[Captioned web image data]
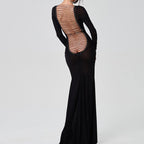 Mesh Long Sleeve Lace Up Open Back Maxi Dress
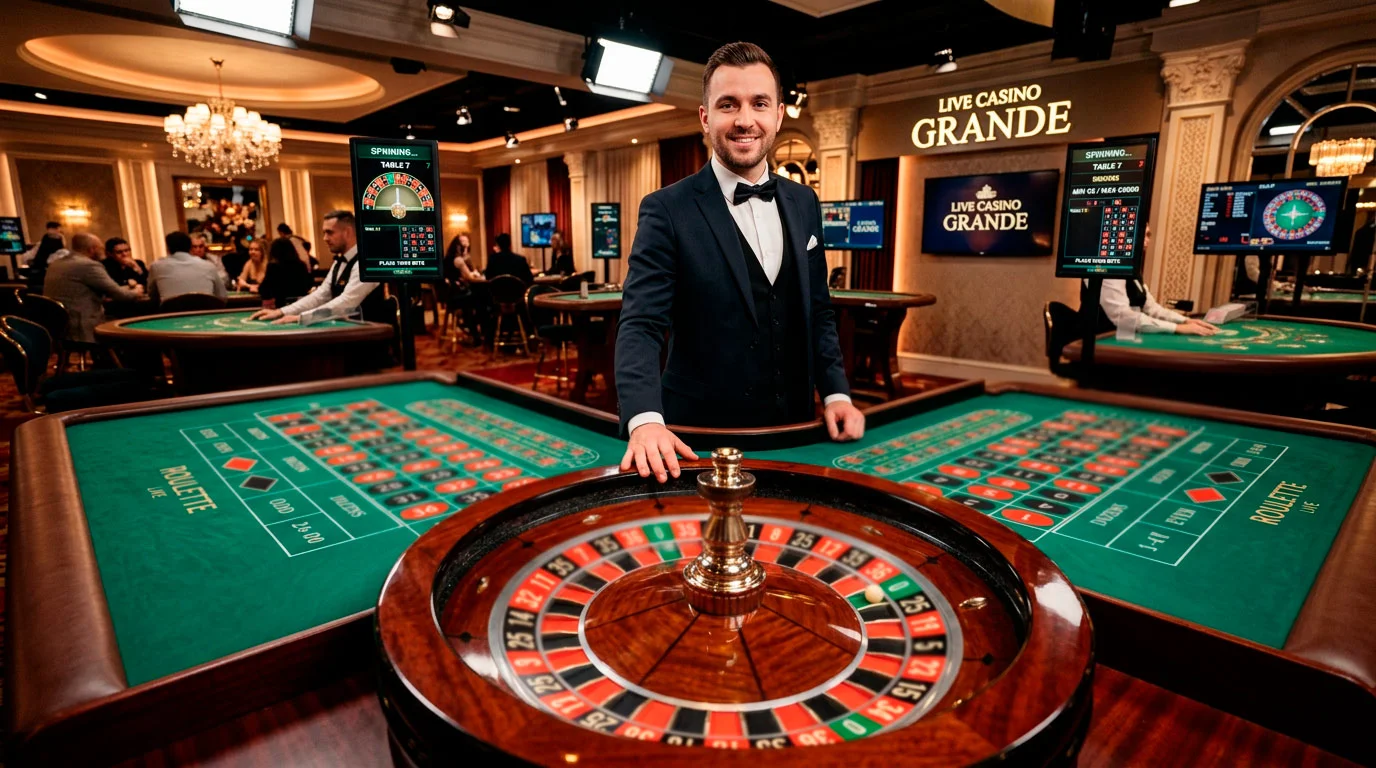 Live roulette table at a UK casino with professional dealer and spinning wheel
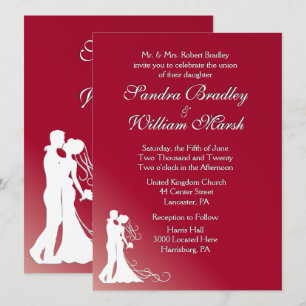 Bride and Groom Burgundy Wedding Invitation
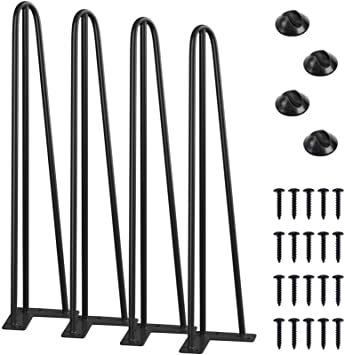 SmartStandard 24" Heavy Duty Hairpin Coffee Table Legs, 1/2'' 3 Solid Rods, Metal Home DIY Projects for Furniture, Table, Desk, High Stand with Rubber Floor Protectors, Black, 4PCS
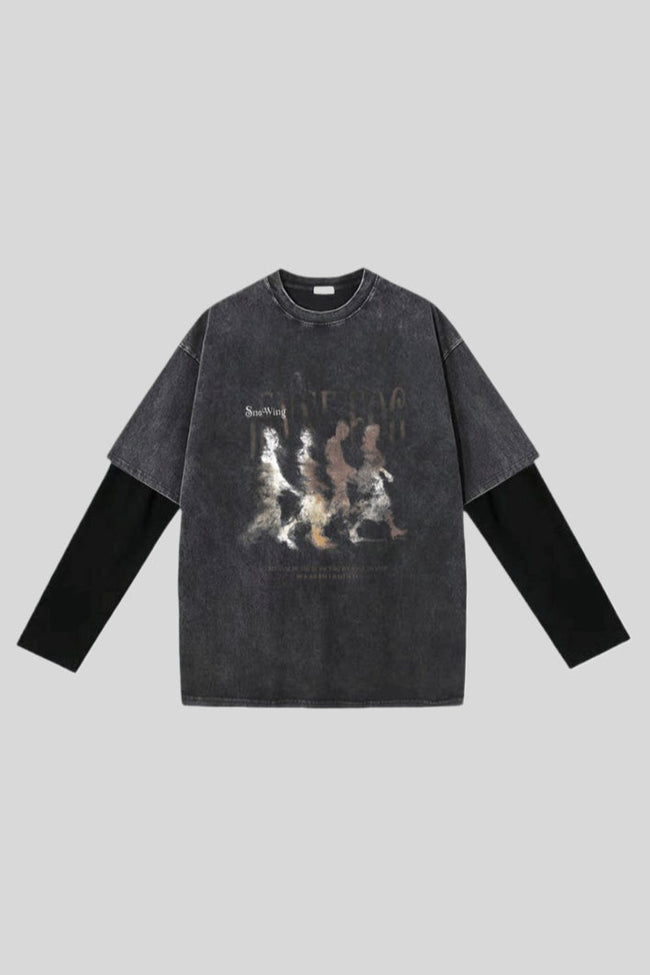 Washed Blurred Portrait Layered Long Sleeve T-Shirt Main image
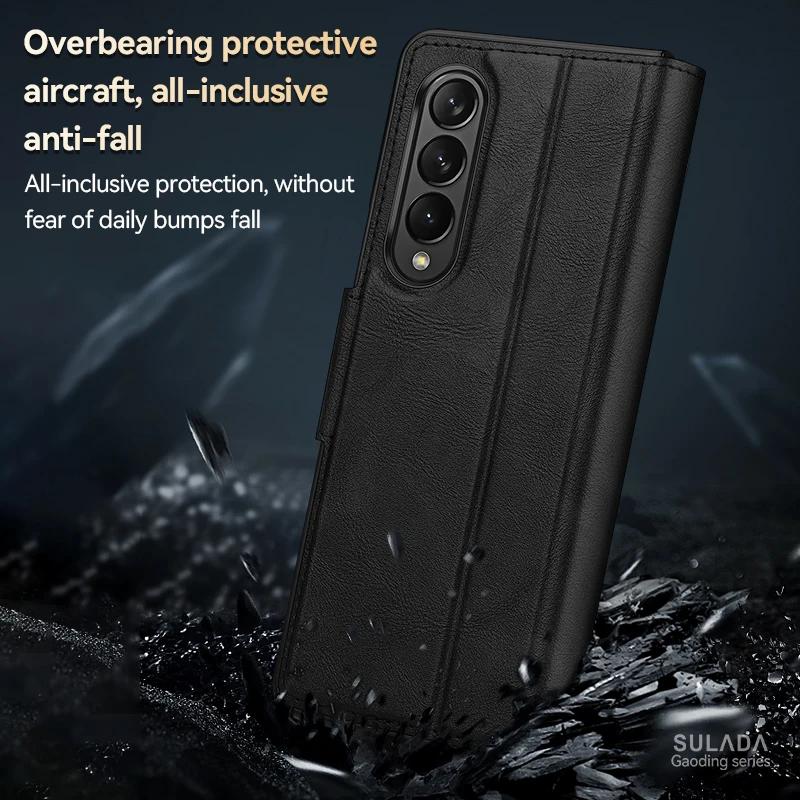 Shockproof Full Cover Leather Case for Samsung Galaxy Z Fold 4 3 Fold4 Fold3 5G Fold5 Fold2 Fold 5 2 Card Pocket Phone Cover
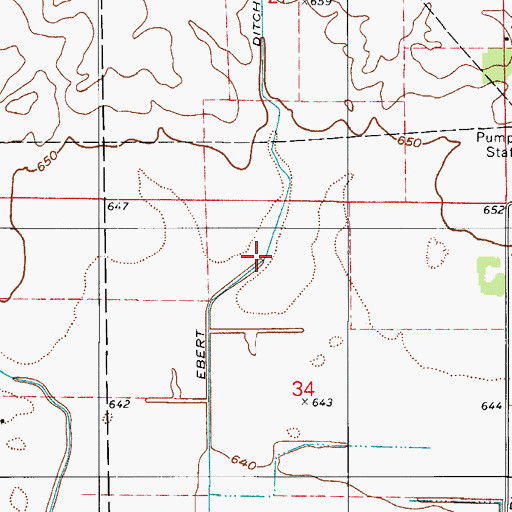 Topographic Map of Ebert Ditch, IN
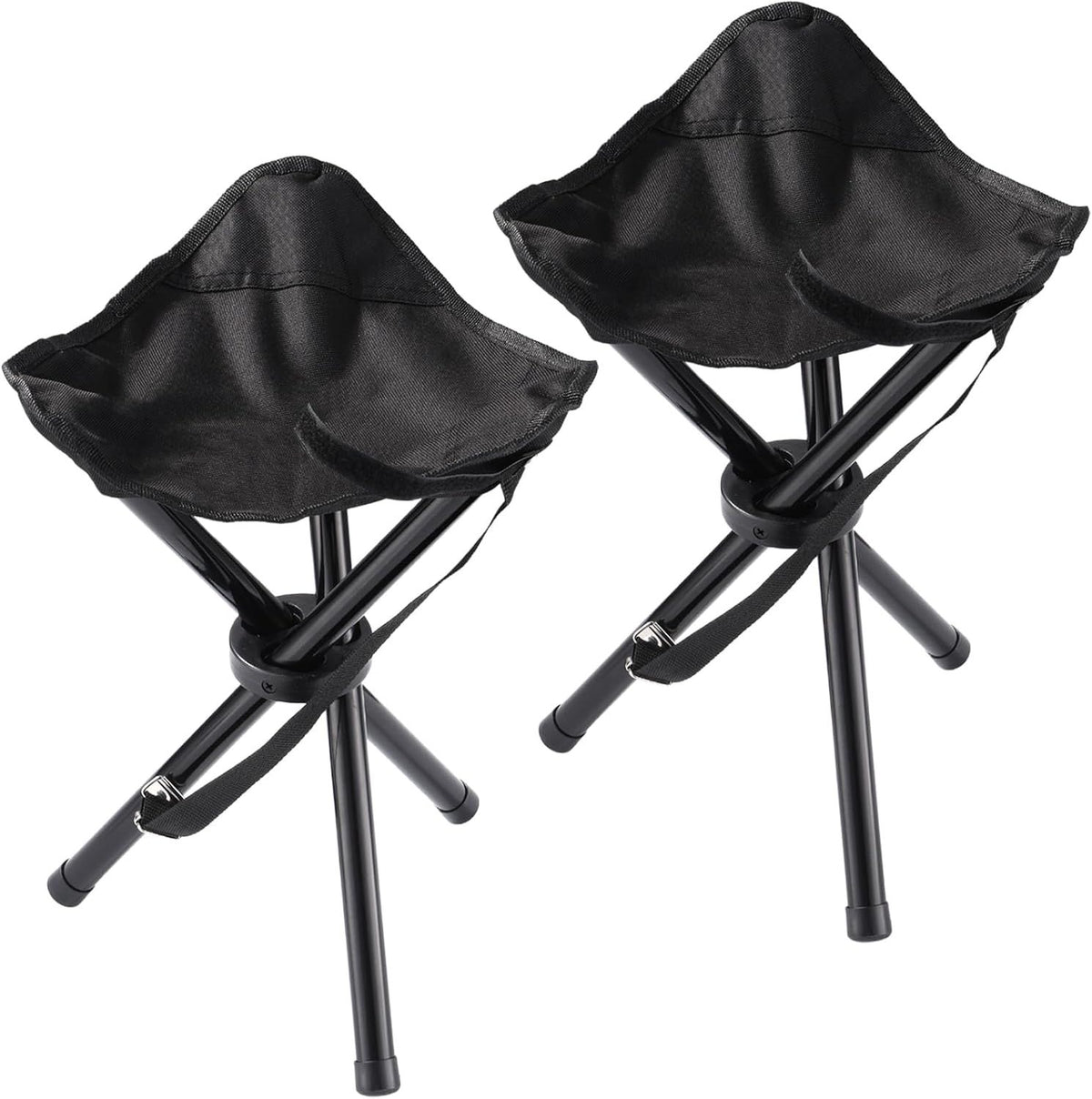 Black portable folding camping stool by Everything Baby, lightweight tripod seat for outdoor camping, picnics, and hiking.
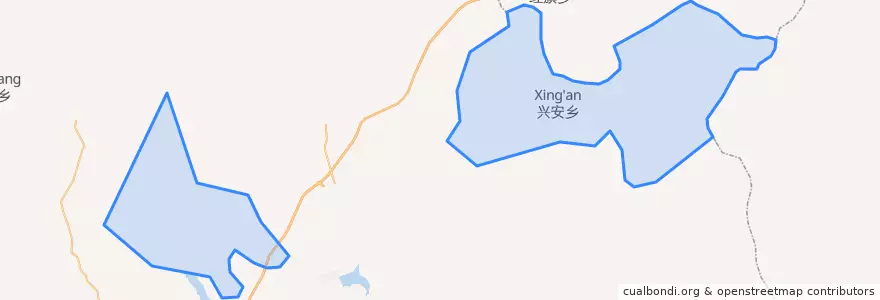 Mapa de ubicacion de 兴安乡.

▸ **WHAT TO WORK ON**: Retype the records above exactly, leaving every picture out of your copy.

▸ **TASK SOLUTION**:
 Mesh Long Sleeve Lace Up Open Back Maxi Dress
 Live roulette table at a UK casino with professional dealer and spinning wheel
 Bride and Groom Burgundy Wedding Invitation
 SmartStandard 24" Heavy Duty Hairpin Coffee Table Legs, 1/2'' 3 Solid Rods, Metal Home DIY Projects for Furniture, Table, Desk, High Stand with Rubber Floor Protectors, Black, 4PCS
 Washed Blurred Portrait Layered Long Sleeve T-Shirt Main image
 Shockproof Full Cover Leather Case for Samsung Galaxy Z Fold 4 3 Fold4 Fold3 5G Fold5 Fold2 Fold 5 2 Card Pocket Phone Cover
 Topographic Map of Ebert Ditch, IN
 Black portable folding camping stool by Everything Baby, lightweight tripod seat for outdoor camping, picnics, and hiking.
 Mapa de ubicacion de 兴安乡.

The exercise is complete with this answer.